Newsgroup names are a very hard problem. Note that the way Usenet works
right now requires these get passed gracefully through e-mail: in moderated
newsgroups posts are e-mailed to the moderator.
I'm not sure I understand the NEED for the "canonical" name to be pure
UTF-8 (that is, encoded Unicode) instead of some other encoding.
A similiar problem happened in IMAP4 when people wanted to internationalize
mailbox names (which function similiarly or identically to newsgroups,
depending on perspective). In IMAP4's case, we decided on a modified UTF-7
encoding over the wire. This means servers have an option of the underlying
canonical name: they can store the mUTF-7, they can store UTF-8, they can
store UTF-16, they can store in a legacy charset (and refuse all mailboxes
with names that can't be encoding in the legacy charset).
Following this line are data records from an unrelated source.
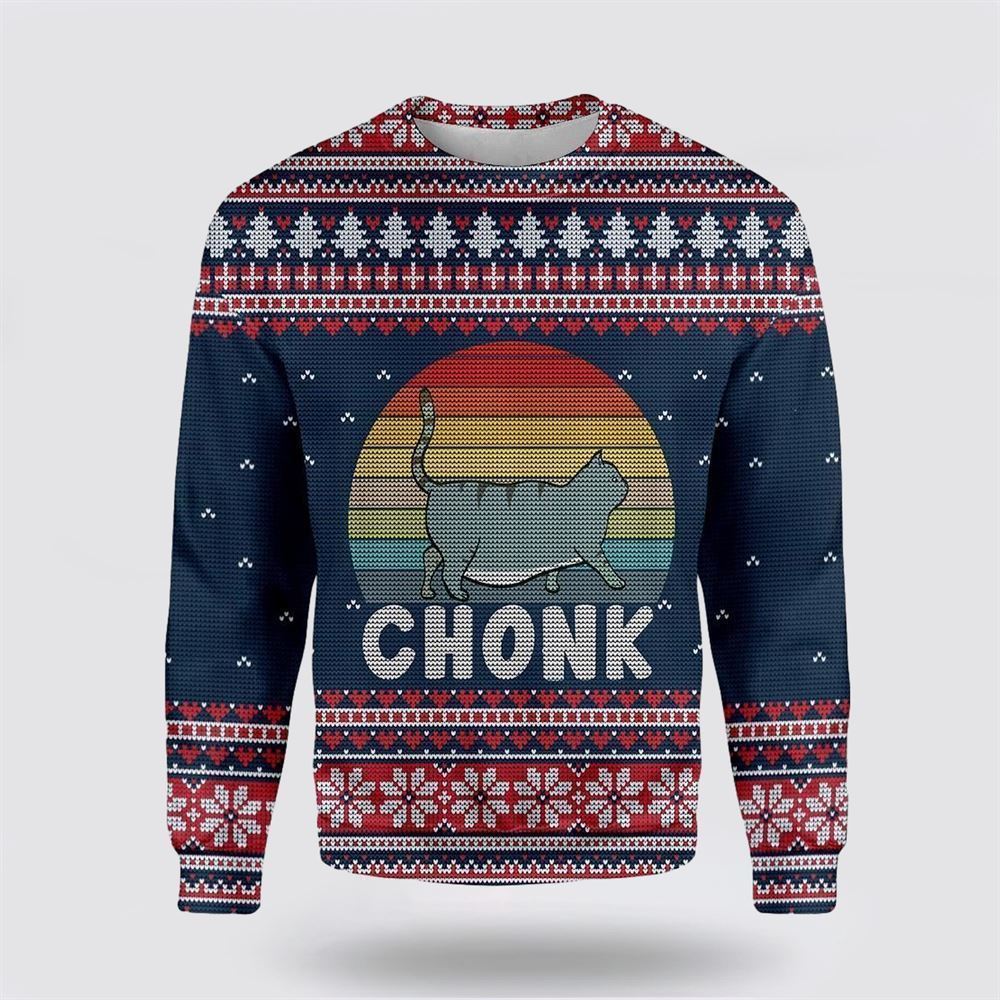 Chonk Cat Ugly Christmas Sweater, Christmas Sweater For Cat Lover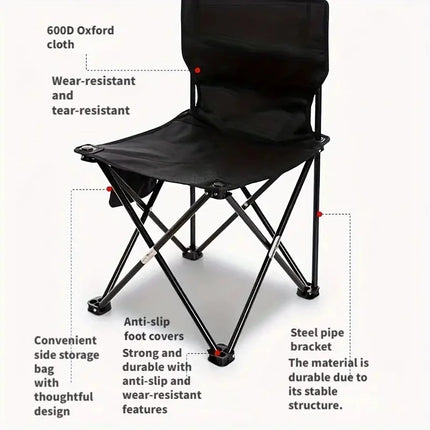 Outdoor Foldable Chair Camping Chair with Side Pocket Picnic Oxford Cloth Chairs Portable Beach Fishing Chairs Outdoor Chair
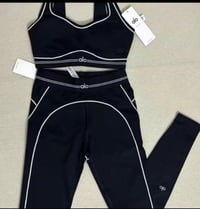 Image 1 of Alo leggings and bra set Black 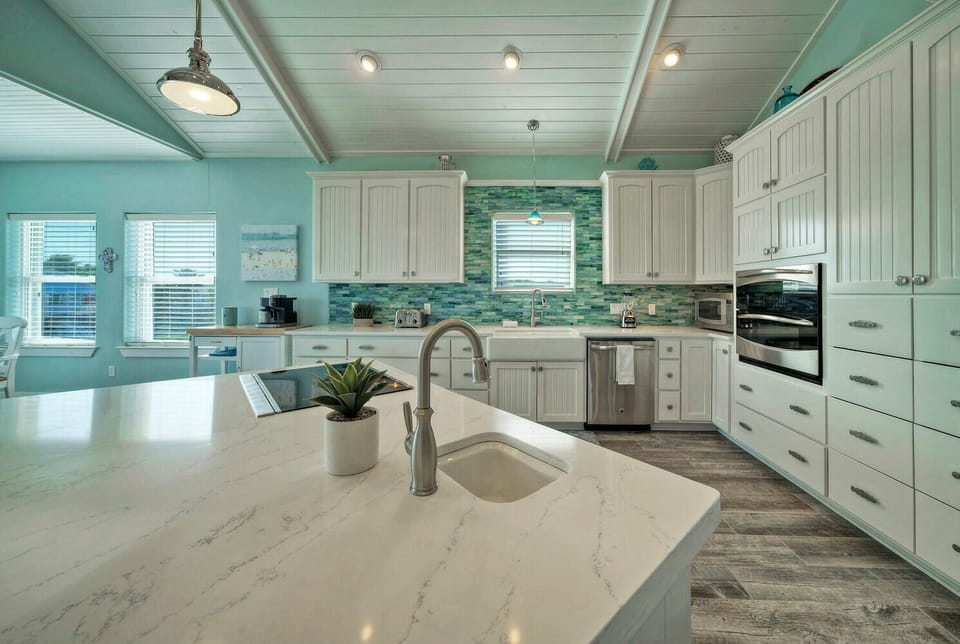 Expansive kitchen space.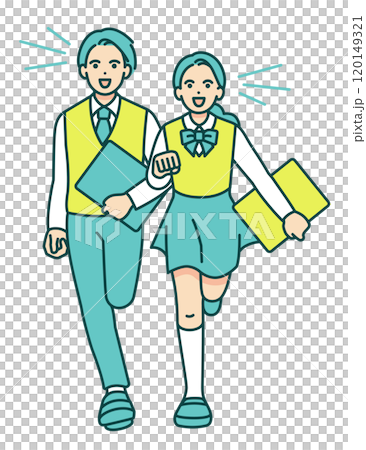 穿著校服的男男女女臉上都帶著微笑衝刺。青少年的簡單向量插畫素材。 120149321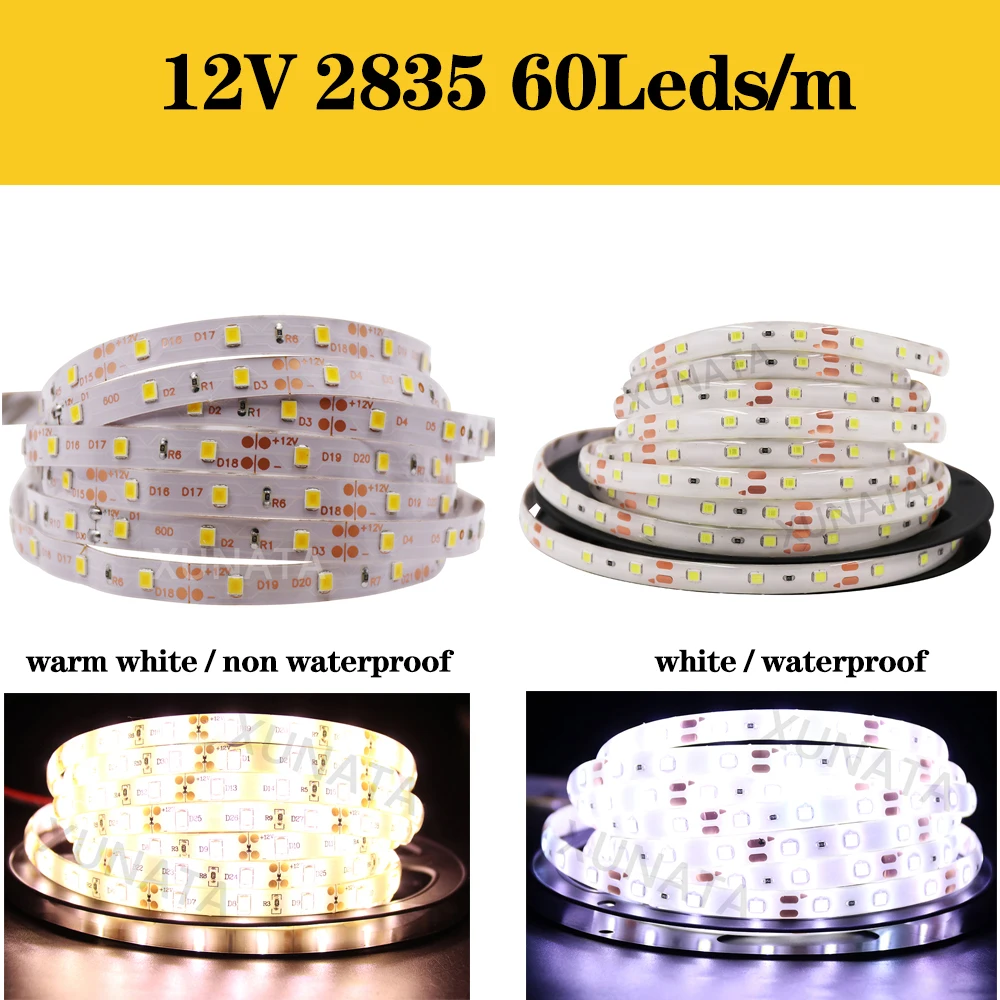 5M DC12V 2835 SMD LED Strip Light 300LEDS 1200LEDS 2400LEDS Waterproof Ribbon Tape Stable Super Bright Led home Decoration | Лампы и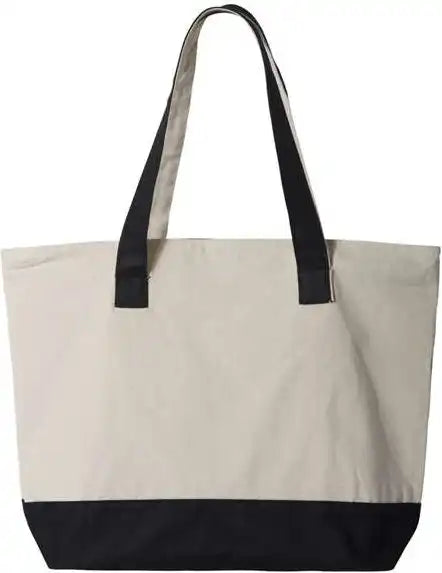 Q-tees Q1300 19l Zippered Tote - Natural Black - one Size Fits Most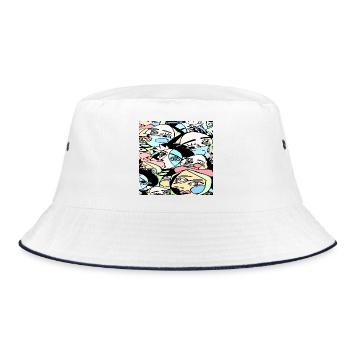 Verrückte Gesichter - Bucket Hat - Weiß/Navy - Vorne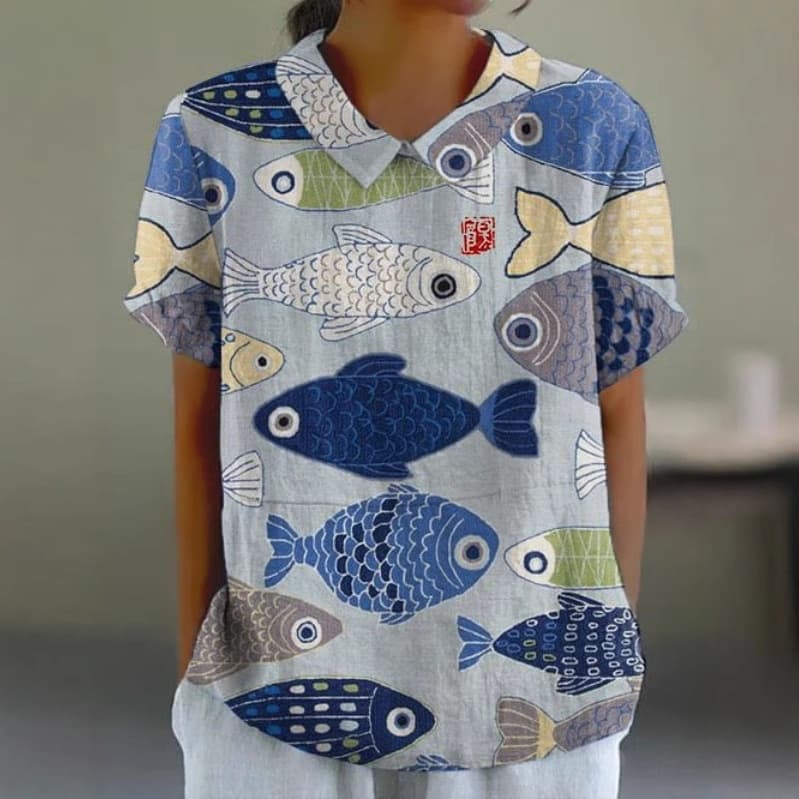 Cross-border Trade 2026 Summer Women's New Arrival Amazon Independent Station Loose Printed Lapel Casual Women's Short Sleeve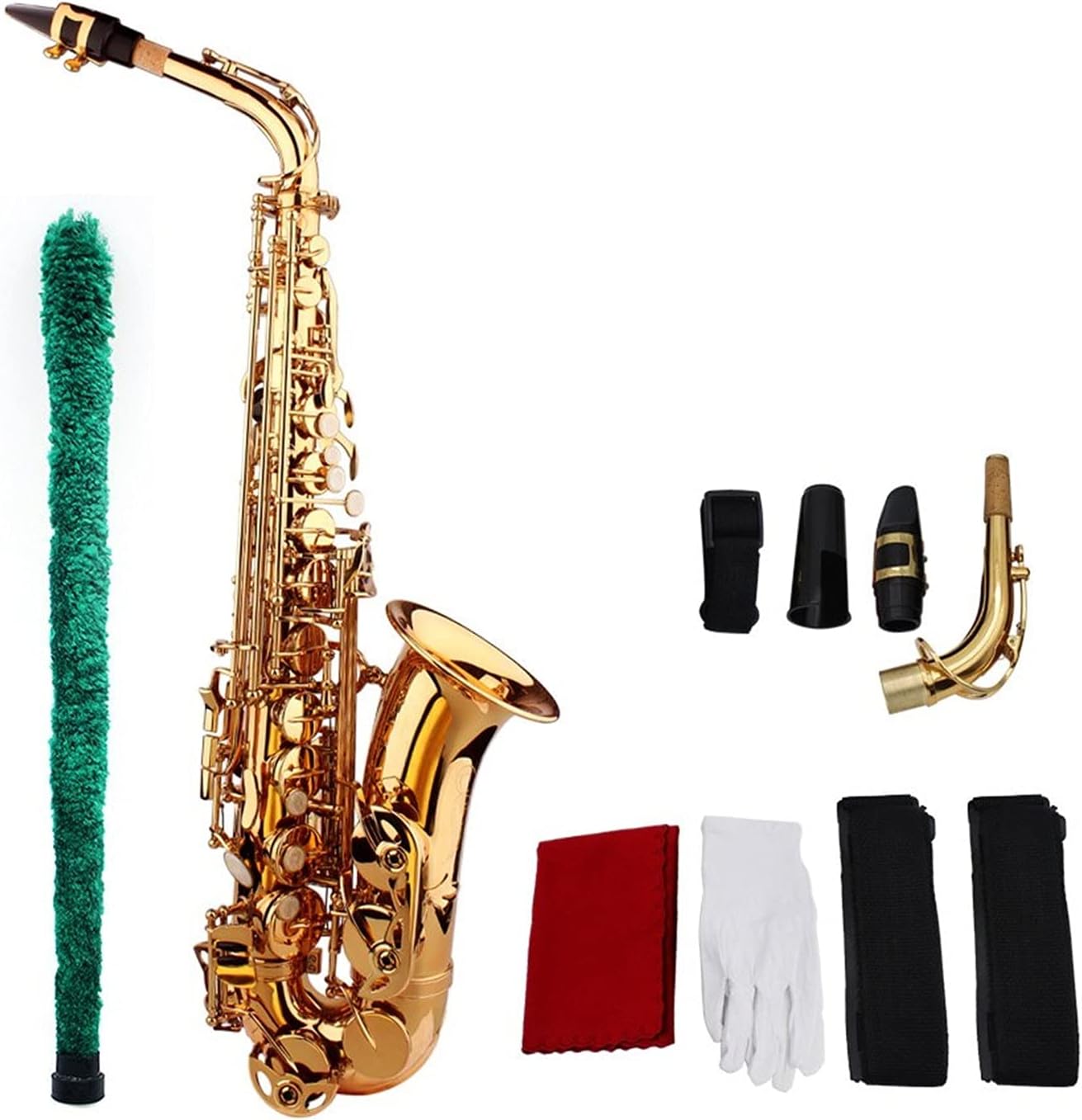 EB Be Alto E Saxophone Flat Brass Carved Pattern Plastic Mouthpiece with Gloves Cleaning Cloth Brush Straps Student Saxophone (Color : Gold)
IMAP4 mailboxes
can also appear in IMAP URIs, in which case they are encoded in UTF-8 and
then hex-escaped. The IMAP4 URI spec included C code to do this conversion.
I don't think that introducing an all new encoding is definitely the right
choice for Usenet---of course, the draft currently does introduce a new
encoding but it's only used some of the time.
Larry